Research Concepts
Population
The population is the the entire collection of persons (or animals, or objects or other things) from which your research team might collect data. The population is the entire group you will be studying, whether or not you actually collect data on each individual. Ultimately you will use the data you collect to draw conclusions about your population.
For example, suppose you are studying the length of time it takes a graduate student in Human Relations to earn their degree. Then your population might be all students who graduated from OU with a Master of Human Relations since the degree was created.
The notion of what constitutes a "Master of Human Relations" has evolved over time and OU degree equirements have changed in response. Another study might consider only those students who earned their degree and were admitted after 1988, the last major revision to degree requirements. This is a smaller population.
Instead of narrowing the definition of population, we might broaden it to include students graduating from other institutions offering the Master of Human Relations degree.

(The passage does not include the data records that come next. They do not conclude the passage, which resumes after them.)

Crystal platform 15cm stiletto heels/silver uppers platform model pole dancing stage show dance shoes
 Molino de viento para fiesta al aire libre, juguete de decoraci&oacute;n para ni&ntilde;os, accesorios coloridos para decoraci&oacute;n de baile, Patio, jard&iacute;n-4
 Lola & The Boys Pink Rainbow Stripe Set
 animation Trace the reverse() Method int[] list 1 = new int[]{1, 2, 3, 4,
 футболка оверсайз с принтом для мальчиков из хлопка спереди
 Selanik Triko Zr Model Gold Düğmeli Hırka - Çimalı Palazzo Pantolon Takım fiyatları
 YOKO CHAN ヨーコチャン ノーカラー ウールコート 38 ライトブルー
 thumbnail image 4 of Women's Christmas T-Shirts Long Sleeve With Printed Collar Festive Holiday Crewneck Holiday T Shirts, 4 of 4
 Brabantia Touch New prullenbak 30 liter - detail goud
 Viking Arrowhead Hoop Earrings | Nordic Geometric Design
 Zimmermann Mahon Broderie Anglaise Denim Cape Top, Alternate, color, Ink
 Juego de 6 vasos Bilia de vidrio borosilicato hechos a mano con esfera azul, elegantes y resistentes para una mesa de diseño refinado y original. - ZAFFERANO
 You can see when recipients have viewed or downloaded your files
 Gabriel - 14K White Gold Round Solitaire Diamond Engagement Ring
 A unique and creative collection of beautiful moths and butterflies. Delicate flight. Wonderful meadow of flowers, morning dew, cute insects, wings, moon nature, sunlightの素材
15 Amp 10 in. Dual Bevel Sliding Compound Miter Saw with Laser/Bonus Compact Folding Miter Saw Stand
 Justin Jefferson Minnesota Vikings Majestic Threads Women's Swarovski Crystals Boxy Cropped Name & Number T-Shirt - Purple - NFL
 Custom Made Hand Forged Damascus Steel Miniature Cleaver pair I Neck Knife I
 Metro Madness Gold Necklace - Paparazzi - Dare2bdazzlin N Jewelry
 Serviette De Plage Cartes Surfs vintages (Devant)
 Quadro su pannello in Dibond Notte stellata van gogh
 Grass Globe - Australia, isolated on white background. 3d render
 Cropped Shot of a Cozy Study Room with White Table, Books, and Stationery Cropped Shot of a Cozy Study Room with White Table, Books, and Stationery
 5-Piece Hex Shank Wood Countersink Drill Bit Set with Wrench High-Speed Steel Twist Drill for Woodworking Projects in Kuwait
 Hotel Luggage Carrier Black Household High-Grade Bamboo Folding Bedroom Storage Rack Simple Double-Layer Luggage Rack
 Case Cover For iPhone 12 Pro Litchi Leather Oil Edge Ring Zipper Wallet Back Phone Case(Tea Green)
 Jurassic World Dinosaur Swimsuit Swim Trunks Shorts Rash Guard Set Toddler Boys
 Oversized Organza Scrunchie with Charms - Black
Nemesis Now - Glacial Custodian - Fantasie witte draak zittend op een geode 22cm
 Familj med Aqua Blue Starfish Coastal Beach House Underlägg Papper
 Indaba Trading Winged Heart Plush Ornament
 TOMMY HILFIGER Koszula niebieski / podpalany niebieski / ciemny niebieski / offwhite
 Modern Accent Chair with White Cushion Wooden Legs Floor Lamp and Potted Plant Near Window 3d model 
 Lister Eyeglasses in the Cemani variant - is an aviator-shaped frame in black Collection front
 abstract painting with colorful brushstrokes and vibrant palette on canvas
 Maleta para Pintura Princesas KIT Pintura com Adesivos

The population is the group you will study. You want to be able to draw conclusions about the population. None of the three possible "populations" above are necessarily better or worse than another: each does, however, lead to a slightly different set of possible conclusions. There is a connection between your research objectives and the definition of your population. In particular the scope of your conclusions will be determined in part by the definition of your population.
Since you are measuring the time it takes to graduate, everyone in yourpopulation must have graduated! The proposed question
"How long does it take a graduate student in Human relations to earn their degree?"
presumes that you can measure the time to degree, i.e., that everyone in your population did in fact earn a degree. A different study might consider the retention rate for students admitted to the graduate program in Human Relations. The population for this study might include all admitted students, whether or not they graduate.
Sometimes your research will involve two or more populations. One will have been exposed to some experimental treatment or procedure and another will have been exposed to a different procedure, or no treatment at all. This kind of study involves an experiment.